LOW OAuth tokens stored in plaintext JSON file -8

The saveTokens() function writes access_token, refresh_token, and expiry metadata to tokens.json inside the skill directory with no encryption. Any process or skill with read access to the skill directory can obtain valid Withings OAuth tokens.

LOW Plaintext credential files accessible to co-installed skills -8

Both the .env file (containing CLIENT_ID and CLIENT_SECRET) and tokens.json (containing live OAuth tokens) reside in the skill directory. A malicious co-installed skill with filesystem read capability could harvest these credentials and impersonate the user's Withings account.

INFO Version inconsistency between SKILL.md and _meta.json -3

SKILL.md declares version 1.1.0 while _meta.json records the latest published version as 1.0.1. This suggests the skill may have been locally modified after publication or the registry metadata was not updated. Not a security risk but reduces auditability.

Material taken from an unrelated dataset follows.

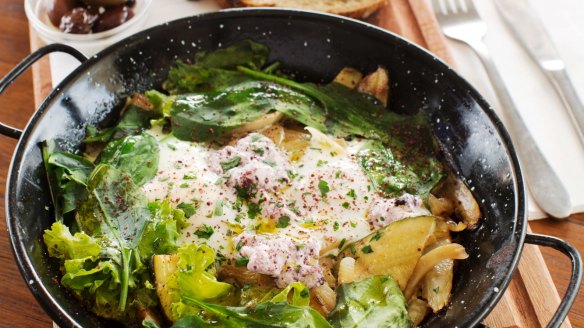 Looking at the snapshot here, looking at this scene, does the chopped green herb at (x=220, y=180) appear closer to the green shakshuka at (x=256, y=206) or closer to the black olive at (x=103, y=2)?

INFO Skill reads .env from its own directory -2

On startup, wrapper.js checks for and reads a .env file in the skill's installation directory to load WITHINGS_CLIENT_ID and WITHINGS_CLIENT_SECRET. This behavior is explicitly documented in SKILL.md and is confined to the skill's own directory (not the user's home directory).

INFO {baseDir} template variable in skill instructions -2

SKILL.md uses {baseDir} as a placeholder for the agent to substitute the actual skill installation path when constructing node commands. This is a standard template pattern and does not represent an injection vector under normal agent behavior.